[[ Material shown, beginning ]]
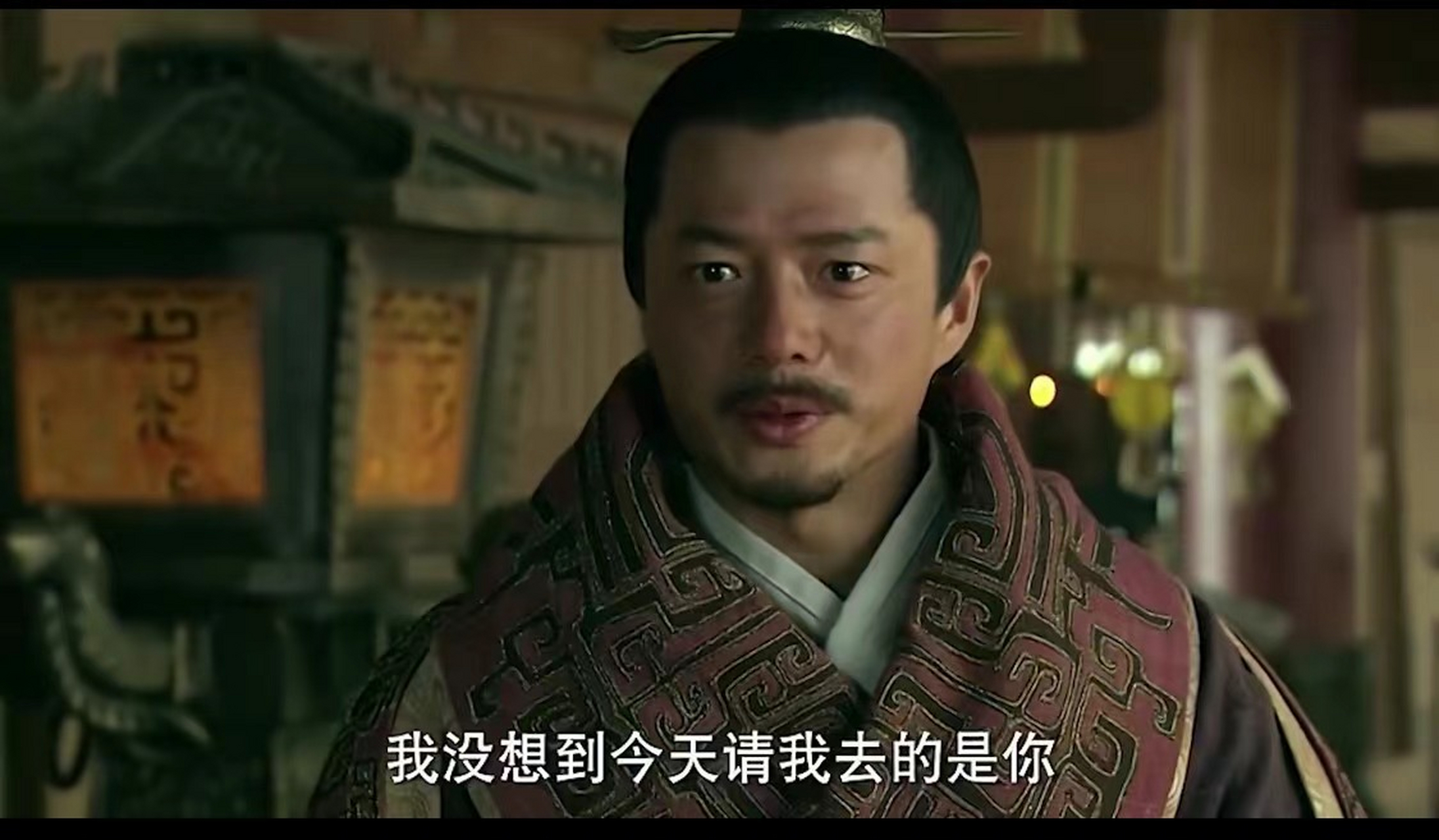 韩信,被称为兵仙的男人,24岁成为大将军,为刘邦打下2/3的江山.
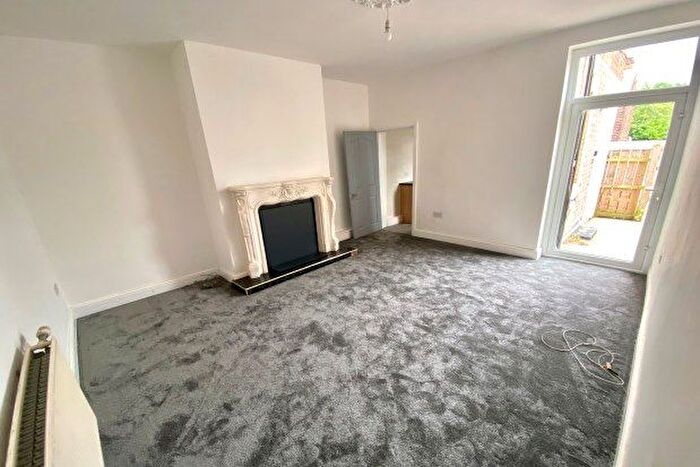 2 Bedroom Flat To Rent In Morpeth Terrace, North Shields, NE29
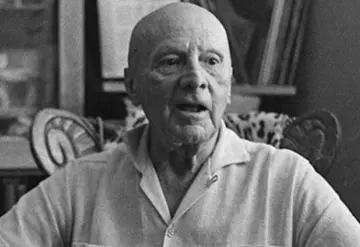 "Cuando los pueblos no padezcan hambre, el único heroísmo será el de los poetas". Carlos Pellicer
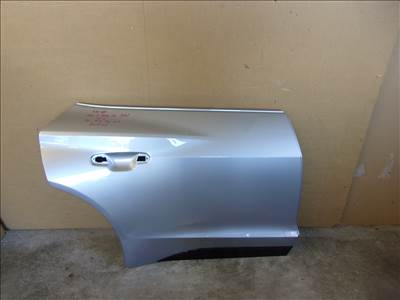 AUDI E-TRON GT 4J3 jobb hátsó ajtó 2021-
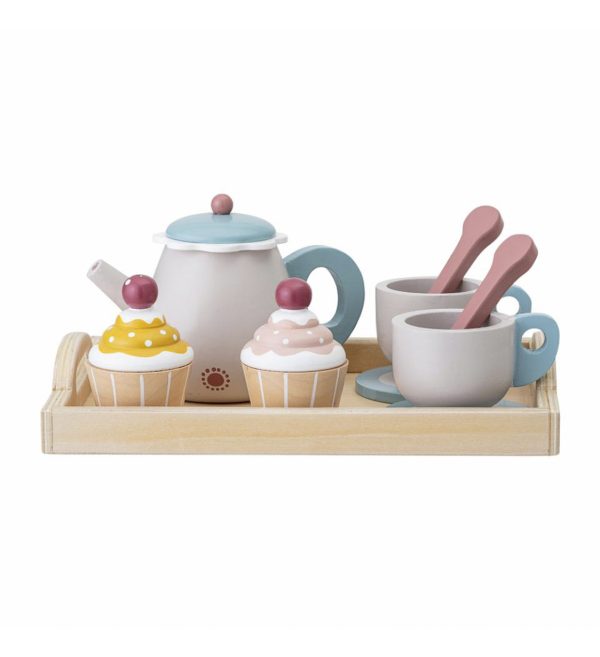 SET ZA DJECU Gentrim hrana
[[ Material shown, end ]]
## Instructions for the task:
Produce an exact copy of the lines from the line with "los pueblos no" through the last line of the data above, both ends included. No pictures belong in it.

## Result of the task:
 "Cuando los pueblos no padezcan hambre, el único heroísmo será el de los poetas". Carlos Pellicer
 AUDI E-TRON GT 4J3 jobb hátsó ajtó 2021-
 SET ZA DJECU Gentrim hrana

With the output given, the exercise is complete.